Nun haben die Museen seit dem Schwabinger Kunstfund [2] ihre Provenienzforschung intensiviert. In der Nachkriegszeit fragte niemand groß nach, wenn Kunsthändler moderne Werke zum Verkauf anboten. Die Museen waren froh, ihre gerupften Bestände wieder komplettieren zu können. Selbst nach der Washingtoner Erklärung, in der sich die Unterzeichner freiwillig verpflichteten, nach einer gütlichen Einigung mit den Erben jüdischer Vorbesitzer zu suchen, kamen die Recherchen nur langsam voran. Hier denkt man mittlerweile anders. Provenienzrecherche nimmt neben der Raubkunst künftig auch Beutekunst sowie archäologische und ethnologische Objekte in den Blick [4].

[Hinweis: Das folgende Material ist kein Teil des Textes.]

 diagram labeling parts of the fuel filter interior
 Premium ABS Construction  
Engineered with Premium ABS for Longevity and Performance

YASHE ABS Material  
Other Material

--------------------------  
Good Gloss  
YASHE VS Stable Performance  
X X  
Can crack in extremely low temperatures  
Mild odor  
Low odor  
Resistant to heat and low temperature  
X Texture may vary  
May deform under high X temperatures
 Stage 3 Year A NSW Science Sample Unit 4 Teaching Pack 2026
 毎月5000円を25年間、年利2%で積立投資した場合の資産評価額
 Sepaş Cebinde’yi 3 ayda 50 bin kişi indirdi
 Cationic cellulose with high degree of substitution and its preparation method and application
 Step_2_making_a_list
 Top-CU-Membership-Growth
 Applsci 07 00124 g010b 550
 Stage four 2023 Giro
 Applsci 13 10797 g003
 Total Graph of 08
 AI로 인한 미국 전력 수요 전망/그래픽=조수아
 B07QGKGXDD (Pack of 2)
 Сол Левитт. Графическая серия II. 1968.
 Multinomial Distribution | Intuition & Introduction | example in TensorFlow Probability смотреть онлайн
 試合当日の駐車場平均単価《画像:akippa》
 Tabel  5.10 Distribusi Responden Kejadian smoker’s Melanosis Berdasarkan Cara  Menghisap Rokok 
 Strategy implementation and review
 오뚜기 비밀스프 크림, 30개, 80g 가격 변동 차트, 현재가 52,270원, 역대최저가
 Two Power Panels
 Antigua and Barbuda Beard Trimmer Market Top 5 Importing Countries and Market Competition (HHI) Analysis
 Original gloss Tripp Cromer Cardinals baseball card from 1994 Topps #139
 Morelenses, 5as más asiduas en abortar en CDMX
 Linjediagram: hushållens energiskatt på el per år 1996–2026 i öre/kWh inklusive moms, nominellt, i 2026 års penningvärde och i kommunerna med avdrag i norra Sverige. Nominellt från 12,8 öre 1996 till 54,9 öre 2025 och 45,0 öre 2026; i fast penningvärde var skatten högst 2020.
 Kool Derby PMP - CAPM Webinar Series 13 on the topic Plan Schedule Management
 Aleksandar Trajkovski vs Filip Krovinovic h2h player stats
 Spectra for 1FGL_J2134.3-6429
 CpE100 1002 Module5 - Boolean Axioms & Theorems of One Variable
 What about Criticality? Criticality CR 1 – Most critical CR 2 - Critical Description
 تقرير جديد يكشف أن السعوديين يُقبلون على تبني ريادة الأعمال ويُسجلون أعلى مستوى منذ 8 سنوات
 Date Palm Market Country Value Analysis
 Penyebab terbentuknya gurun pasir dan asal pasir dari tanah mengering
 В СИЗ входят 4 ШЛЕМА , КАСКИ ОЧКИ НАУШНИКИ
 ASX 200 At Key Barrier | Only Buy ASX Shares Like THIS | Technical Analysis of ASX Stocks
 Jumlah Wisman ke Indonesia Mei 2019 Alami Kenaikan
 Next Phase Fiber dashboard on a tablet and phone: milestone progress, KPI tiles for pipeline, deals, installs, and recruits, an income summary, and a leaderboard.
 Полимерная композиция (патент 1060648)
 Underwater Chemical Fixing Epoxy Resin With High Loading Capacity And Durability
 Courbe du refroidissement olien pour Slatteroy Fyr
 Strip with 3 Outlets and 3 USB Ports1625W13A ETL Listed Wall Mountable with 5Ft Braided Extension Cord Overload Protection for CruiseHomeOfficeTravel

Die Forderung Namibias nach rückführung der Familienbibel seines Nationalhelden Hendrik Witbooi [5] wird man anerkennen müssen, da ihr eine völkerrechtswidrige Aktion im Rahmen kolonialen Eroberungsstrategien - also eine in jeder Hinsicht illegitime Erwerbssituation - voraus ging.

Und hier können wir auch eine Brücke zur Philatelie schlagen, die Wolfgang Maassen in seinem Artikel "Beutekunst - ein Thema für die Philatelie?" bereits ansprach. In der Zeit Dezember 2014 bis März 2015 fand in der Sammlung des Museums für Kommunikation in Berlin und im Archiv für Philatelie in Bonn eine Provenienzrecherche statt. Ziel des Projektes war es, die Helgoland-Druckstöcke, -platten und -Marken der jüdischen Briefmarkenhändler Familie Goldner aus Hamburg in den Sammlungen in Berlin und Bonn zu identifizieren und neu zu deklarieren [7]. Die Frage, wie die eine oder andere Sammlung in den Handel gelangte, wir sich stelle - es ist keine Frage des ob sondern nur des wann.

Der Verband ist vielleicht nicht schlecht beraten, das Thema nicht weiter auszusitzen. Es könnte alle schneller einholen, als manche denken. Und mit der neuen Gesetzgebung wird so manches einfacher.

Gruss

[1] https://www.unesco.de/kultur/2016/handel-mit-kulturgütern-zentral-für-weltwirtschaft.html
[2] https://de.wikipedia.org/wiki/Schwabinger_Kunstfund
[3] http://www.museumsbund.de/fileadmin/geschäfts/presse/2015/2015__April_PM_Jahrestagung_Essen.pdf
[4] http://www.kontextwochenzeitung.de/kultur/258/geraubte-kunst-3492.html
[5] http://www.swr.de/swr2/kultur-info/namibia-fordert-kulturgut-von-stuttgarter-museum-zurück/-/id=9597116/did=16464770/nid=9597116/1l1c1x7/index.html
[6] Philatelie Nr. 443, Mai 2014, Seite 21 ff.